1.2.4. Excessive Closure Allocation

1.2.4.1. What is Excessive Closure Allocation

Excessive closure allocation is another form of superfluous computation and superfluous memory allocation; it means that our program is doing more memory allocation and likely more computation than required to compute the result. Excessive closure allocation is subtle for two reasons: first, because GHC is typically very good at optimizing it away via Let Floating most Haskeller’s never have to confront it (which is a good indication of GHC’s quality); second, in order to observe it, the programmer must track the memory allocation of their program across many functions, modules and packages, which is not a common experience when writing Haskell. For our purposes’, we’ll inspect examples that GHC should have no problem finding and optimizing. See the Impact of seq Removal on SBV’s cache case study for an example of excessive memory allocation in a widely used library.

Todo

Not yet written, see #18

While GHC is good at optimizing these cases, becoming familiar with these code transformations is beneficial; it trains you to start thinking in terms of memory allocation when reading or writing Haskell code, and teaches you to perform these optimizations manually when GHC fails to optimize.

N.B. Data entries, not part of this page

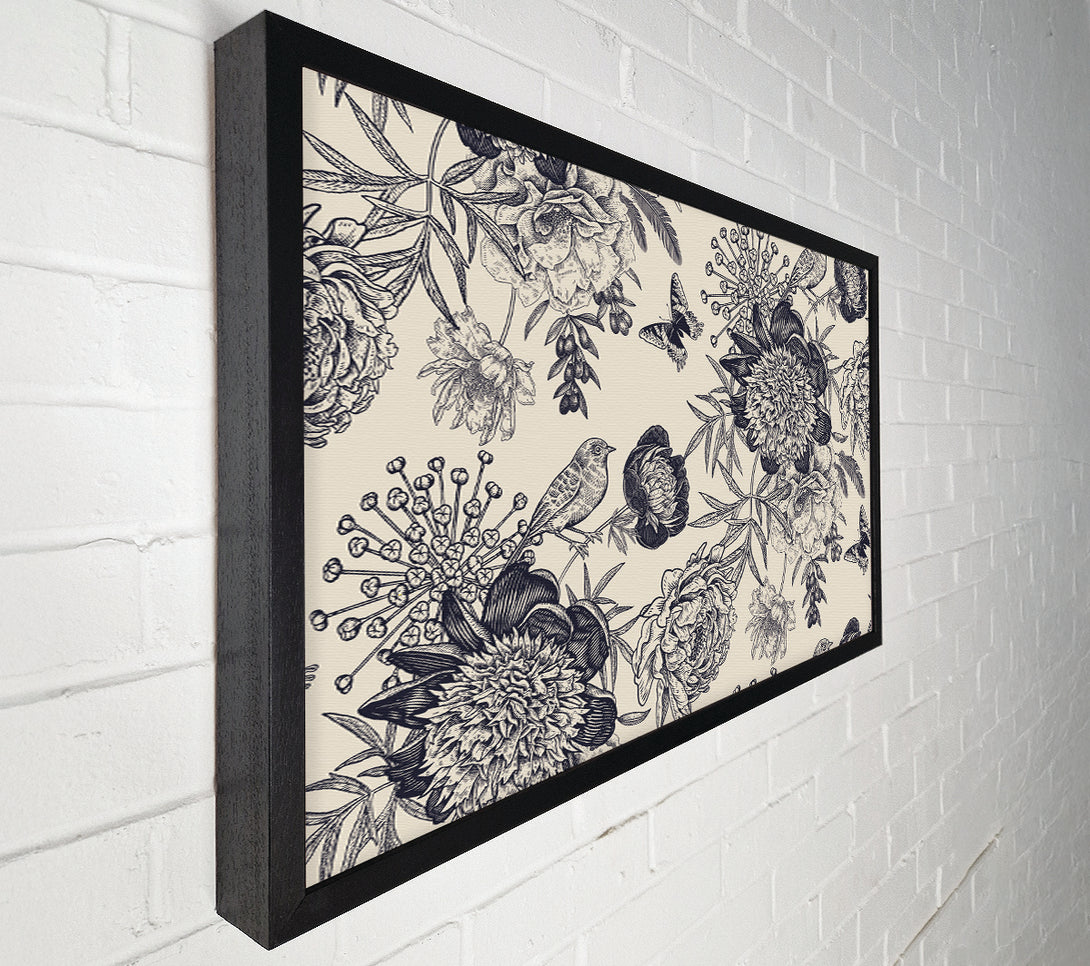  A Canvas Print of The Bird Wildlife Canvas Print
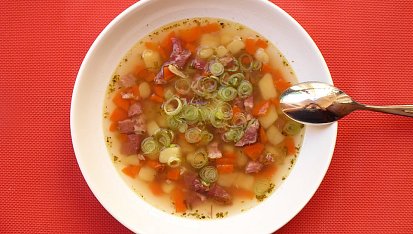 Polévka z uzeného masa bez krup, Polévka z uzeného masa bez krup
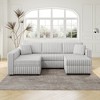 NicBex Couches for Living Room 75.6" Loveseat Sofa Minimalist Corduroy Fabric Upholstered 2-Seater Sofa Couch Matches 30.7" Ottoman for Bedroom - 2 of 4
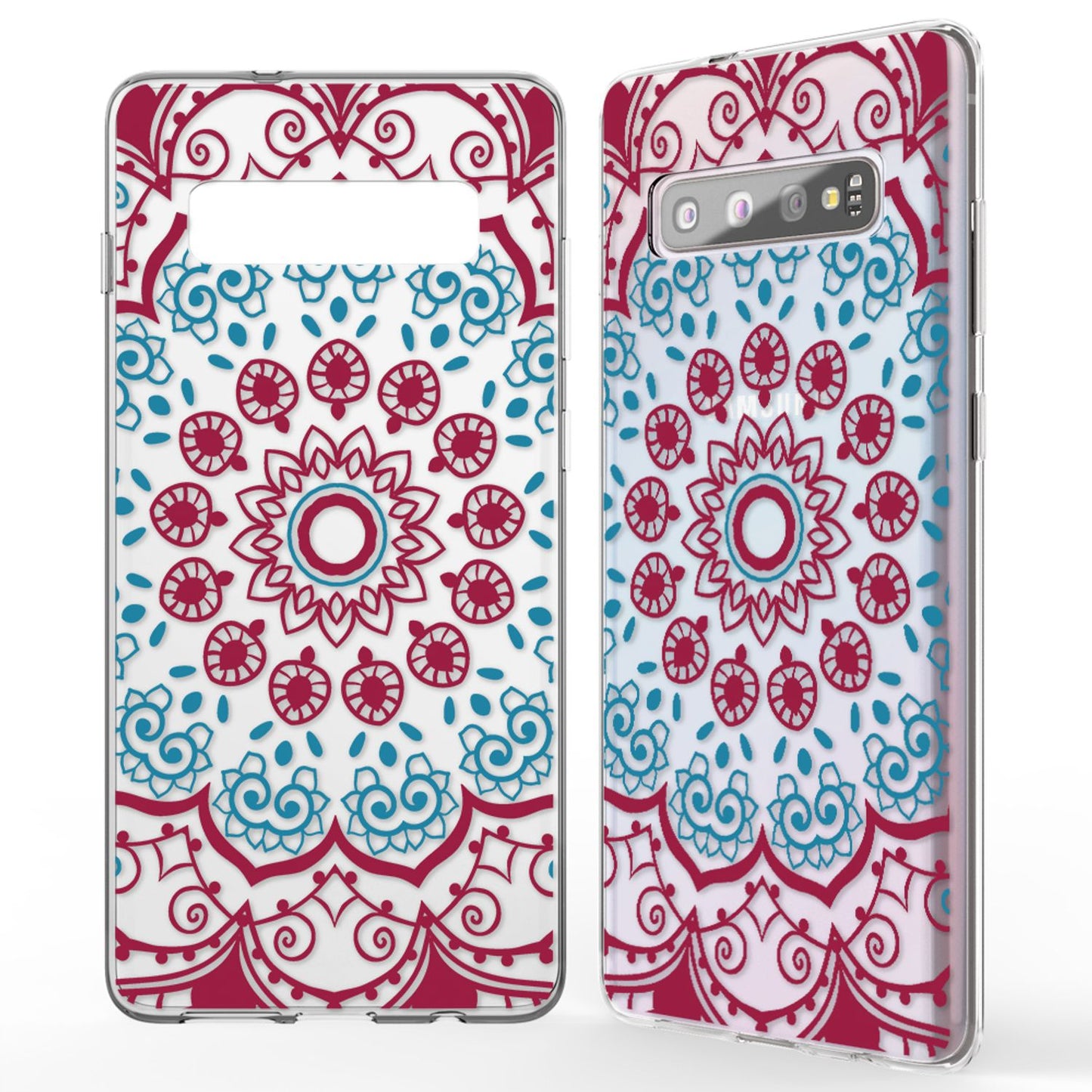 NALIA Hülle für Samsung Galaxy S10, Motiv Handyhülle Silikon Case Schutz Cover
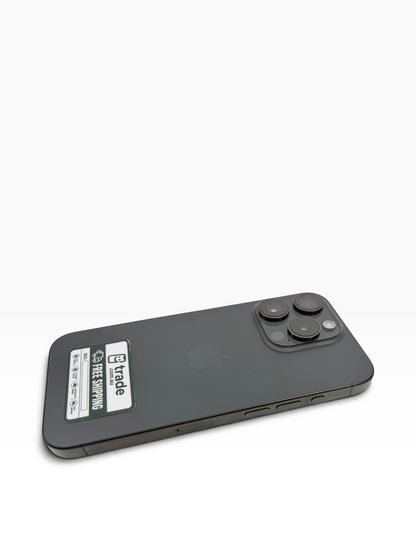 iPhone 15 Pro 128GB Black Titanium 82% Battery (B Grade) T8853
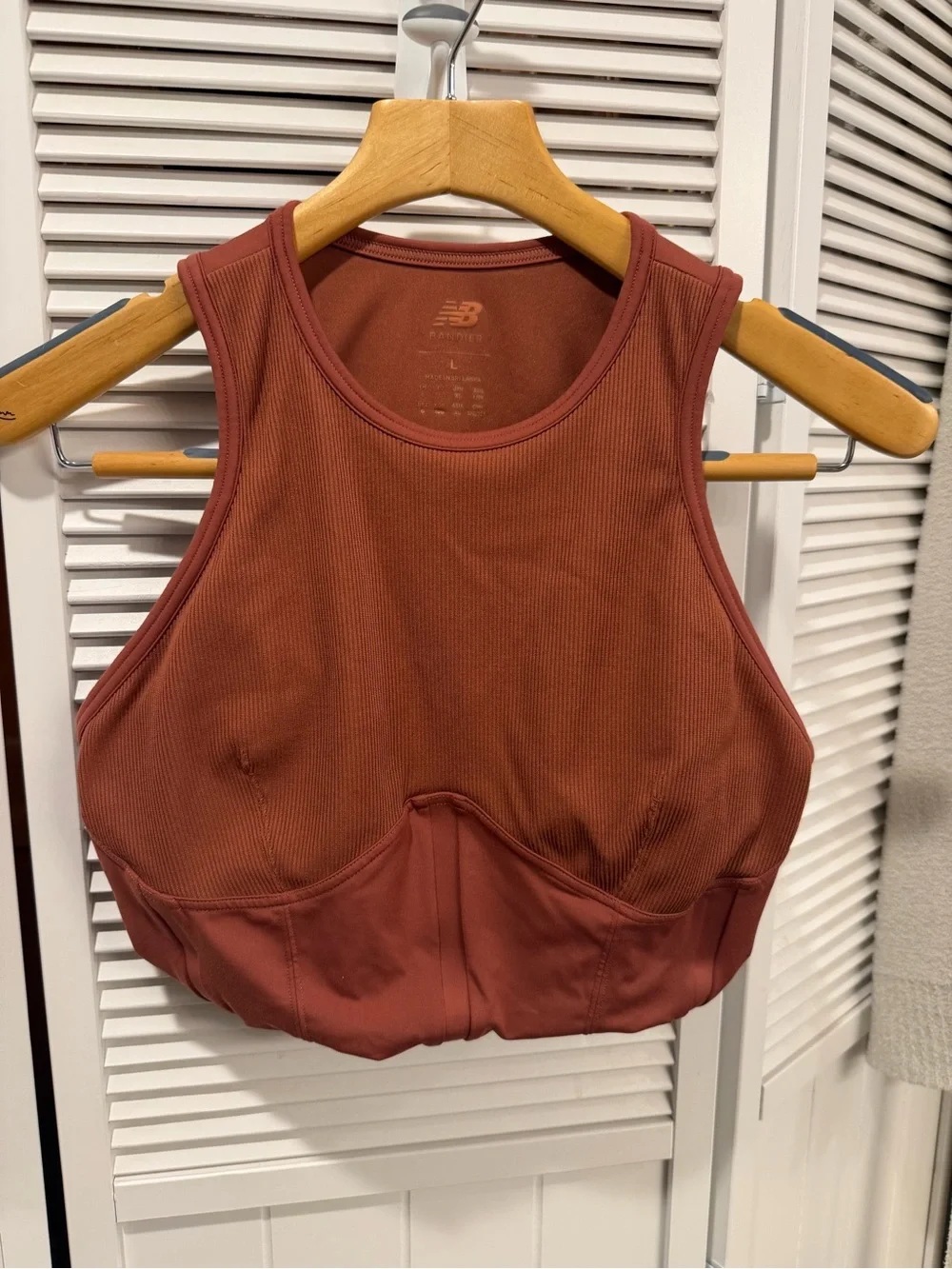 BANDIER X NEW BALANCE Collab Corset Crop Tank Padding. Size Large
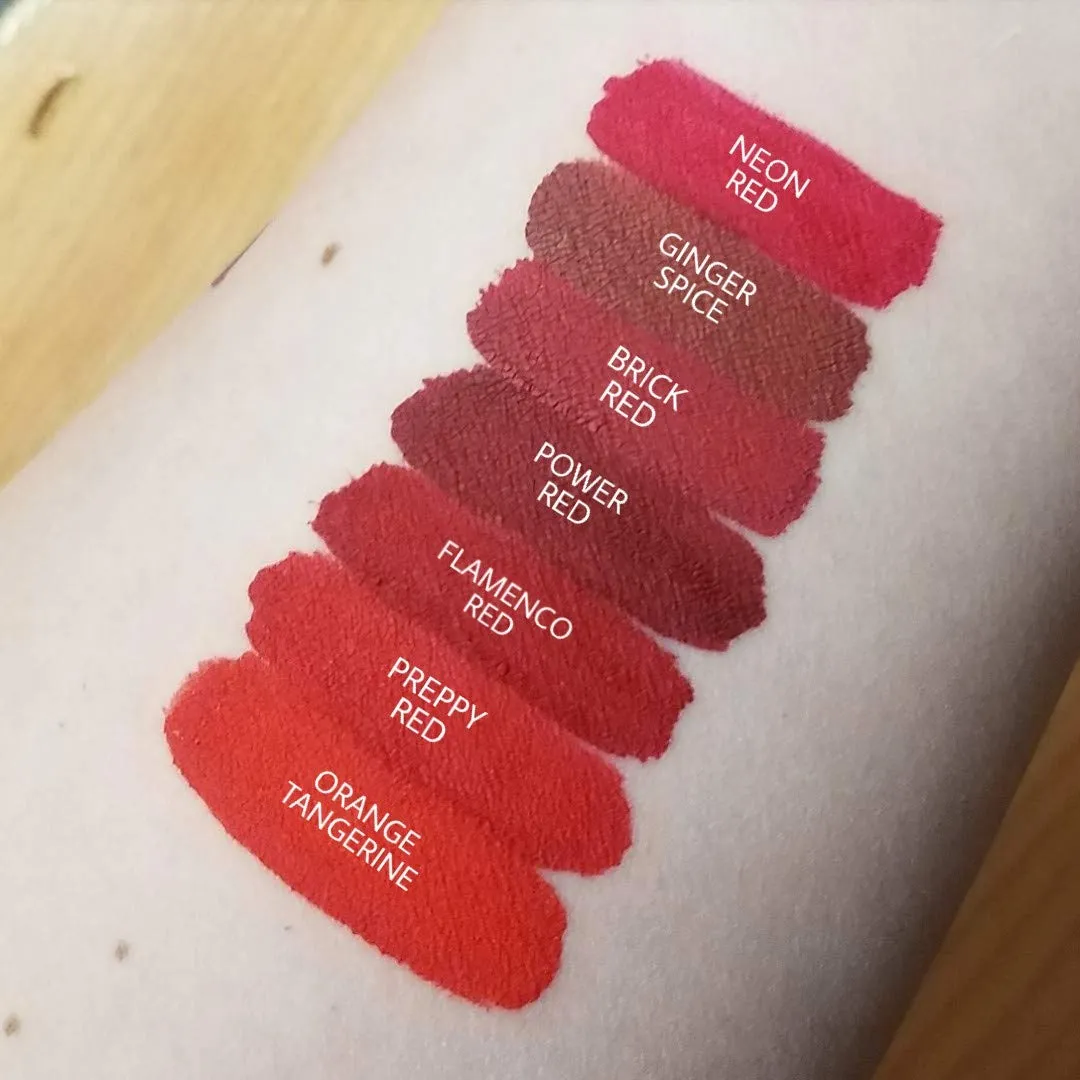 Aromi Bright Red Liquid Lipstick | Vibrant Lip Color with Matte Finish, Long-lasting, Vegan, Cruelty-free, Waterproof, Gluten Free, Made in USA (Preppy Red)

1.2.4.2. How does Excessive Closure Allocation Slow Down Runtime Performance

Consider these simple examples [5] :

let x = y + 1
in case tail zs of
        [] -> x * x
        _  -> 1

This is an example of Let Floating inwards. Notice that x is only used in one branch of the case expression, because the other branch does not require it GHC can Float x inward to the first branch:

case tail zs of
     [] -> let x = y + 1
           in x * x
     _  -> 1

Now let x = ... occurs conditionally depending on the result of tail zs, rather than everytime as we saw in the first previous example. Thus, the second form is semantically identical but more efficient because our program may avoid let x = ... and thereby avoid an extra heap allocation.

Note

Let Floating can change Thunk sizes.

Consider this example from Peyton Jones and Santos [2], Section 7.1:

let x = v + w     -- v and w are free variables in x
    y = ...x...x  -- y mentions x
in B              -- B does not mention x

Floating x inward produces:

let y = let x = v + w -- now v and w are free variables in y
        in ...x...x
in B

Now v and w are free variables in y but x is not. x is a bound variable in y (and will get inlined). So if v and w were originally free in y then the size of the thunk for y will be unchanged. However, if v and w are newly free in y then the size of the thunk will increase to reference the new free variables.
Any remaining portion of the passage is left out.